Отто испытующе посмотрел на нее. Потом спросил:
Кто этот человек, с которым ты была в кафе Годермана?
На мгновение девушка опешила. Затем расхохоталась. Остановилась посреди тротуара и хохотала так, что прохожие оборачивались. Но смеялась она слишком долго и слишком громко. Она хотела выиграть время, чтобы придумать какую-нибудь правдоподобную историю. Но, как нарочно, ничего не приходило в голову. А он стоял, смотрел на нее и хоть бы улыбнулся.

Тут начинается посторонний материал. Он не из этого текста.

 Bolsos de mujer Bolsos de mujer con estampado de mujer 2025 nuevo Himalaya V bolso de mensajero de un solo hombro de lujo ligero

Значит, из-за этого? воскликнула Цецилия и опять рассмеялась. Ой, не могу!
Наконец, вдоволь насмеявшись, она рассказала, что ее кузен Альфонс из Любека приехал в Гамбург по делу и захотел ее повидать. И они решили выпить у Годермана по чашке шоколада.
А к себе ты его позвала? спросил Отто.
Цецилия молниеносно прикинула: что ему известно? Надо рискнуть:
Конечно, он навестил мамочку.
Так! сказал он, глядя в одну точку.
Она перевела дух. Пока сходит.
Хорошо, пойдем к вам.
Ты мне не веришь? спросила она.
Нет!
Так, так! Ну что же, пойдем!
Цецилия надеялась, что по дороге ей удастся отговорить его от этого намерения: ведь мать и понятия не имеет ни о каком кузене Альфонсе из Любека. Цецилия сделала вид, что обижена: как он смеет ей не верить? Она опять рассмеялась и начала вышучивать его. Отто молчал и мрачно, упорно шел по направлению к Дюстернштрассе. Значит, надо изменить тактику. Мысль ее лихорадочно работала. Молча шагали они рядом. Молча поднялись на пятый этаж.

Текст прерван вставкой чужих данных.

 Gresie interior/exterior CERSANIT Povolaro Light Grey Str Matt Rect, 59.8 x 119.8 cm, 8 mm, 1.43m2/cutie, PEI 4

Прежде чем войти, Отто еще раз взглянул на нее. Если она солгала, у нее есть еще время сознаться. Но Цецилия лишь тряхнула головой, пожала плечами и своим ключом отперла дверь.

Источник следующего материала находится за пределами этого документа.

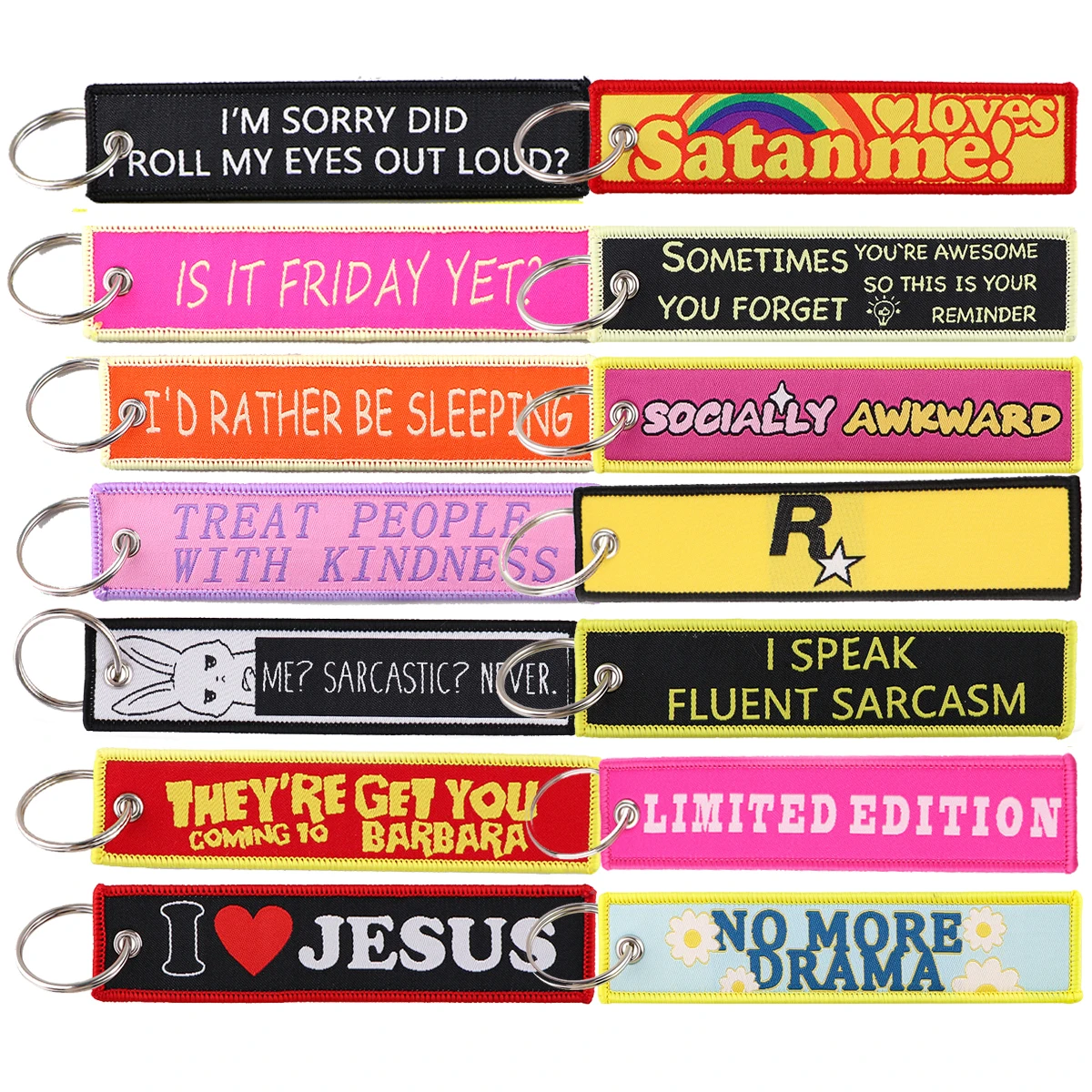 R Star Key Chain for Women Men Gifts and Cars Inspiring Quotes Key Tag Embroidery Key Fobs Keyring Accessories Fashion Chaveiro
R Star Key Chain for Women Men Gifts and Cars Inspiring Quotes Key Tag Embroidery Key Fobs Keyring Accessories Fashion Chaveiro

Тотчас же побежала она к матери в столовую и громко крикнула:
Мамочка, Отто не верит, что у нас был Альфонс. Ведь я тебе рассказывала, помнишь, раньше, чем идти сюда, он пригласил меня к Годерману? Представь себе, Отто ревнует. Он мне не верит. Он думает, что никакого кузена Альфонса Геллера у меня нет в Любеке. Ревнивый же у меня жених До чего ревнивый! И, обняв мать, которая упорно молчала, Цецилия, смеясь, воскликнула: Но это лучшее доказательство того, что он меня любит!
Отто Хардекопф, стоя у порога, наблюдал всю сцену. Он подошел к фрау Фогельман, поклонился и серьезно спросил:
Фрау Фогельман, был у вас во вторник ваш племянник из Любека?
Да, господин Хардекопф, тихо ответила она. Да, конечно. И прибавила, глядя на него умоляющими глазами: Как же может быть иначе?
Отто посмотрел на Цецилию. Она иронически, с видом превосходства, улыбалась ему. Он протянул ей руку и сказал:
Значит, я был несправедлив к тебе, Цецилия!
Она взяла поданную руку, притянула к себе его голову и поцеловала на глазах у матери. Фрау Фогельман сидела, сложив руки на коленях. С упреком, но так, чтобы Отто не заметил, смотрела она на дочь.
Да, такова была Цецилия, немножко опрометчивая и легкомысленная: девушка со слишком вместительным, но добрым сердцем.
5
На севере медленно рассветает, и так же медленно день погружается в сумрак и ночь. Отто и Цецилия видели, как зажглись огни маяков и бакенов, красные, зеленые, бледно-желтые. Огни вспыхивали и на судах. Очертания противоположного берега уже расплывались в темноте. Вверх по течению, там, где лежит Гамбург, на небе стояло розоватое сияние. Ветер доносил через реку и дамбу протяжные гудки океанского парохода.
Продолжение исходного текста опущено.